Muhamed Dzenetic from "The Poet" is perhaps the best paradigm of [a] totally fictional character in The Second Book. Nevertheless, many readers (mostly foreigners, but some Bosnians also) thought that he was based on a real person. Some of them even had theories about the identity of the person he was, supposedly, based on. I [take] it as a compliment, as evidence that the story is good and compelling.
Tell me about your more recent projects -- the novel especially. Will we see other works in translation soon?
My most recent novel is called Giaour and Zuleika. It is a story about Lord Byron's travellings through the Balkans. It is very loosely based on Byron's biography. I wanted to retell the ancient and eternal tale about East and West through [a] particular love story. I assume this book will also be published in English. A translator is working on it, but at this moment I still do not know who [will] publish it and when.

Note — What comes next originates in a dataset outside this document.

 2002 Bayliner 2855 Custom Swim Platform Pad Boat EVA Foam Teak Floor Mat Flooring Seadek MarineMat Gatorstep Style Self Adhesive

Who are your major influences?
Very interesting question. People generally presume that writer is able to "choose" his or her influences. It seems to me, however, that usually it is the other way round. I was born in Travnik, a pretty small town in Bosnia, famed throughout the Balkans and Europe for its historical significance and as the hometown of Ivo Andric, Nobel Prize winner in literature. Andric died two years before I was born and I consider him as one of my major influences. I must also mention Danilo Kis, Jorge Luis Borges, Paul Auster, Milan Kundera, to name just a few. Such lists are always incomplete. I also want to point out that for a writer in our time these influences do not come only from literature... and I do not want to forget: U2, Nick Cave, Tom Waits, Leonard Cohen, Wim Wenders, Clint Eastwood, Woody Allen...
In another of Kundera's recent essays, he has this great comment about his emigration to France -- people "saw me as wrapped in an aura of respectable sadness" -- as at that time, Stalinism was just finally understood from outside. What's your take on kitsch?Kitsch is banality, of course. There is the famous maxim about possibility [of measuring] kitsch by the degree of banality of its associations. General Western perceptions of Kundera's work in the first years of his emigration were greatly influenced by the most banal associations, and regarding time and place it is obvious that those associations were the political ones. Balkan writers in our time are largely dealing with a similar problem. People from the West usually expect that these writers (including myself) should only write about war, in the same way as... 20 or 30 years [ago] they expected that the only literary topic for Eastern European writers should have been communism. "To always write just the kind of book that the public is most likely to expect from you" -- I guess that can also be a good definition of kitsch, at least sometimes.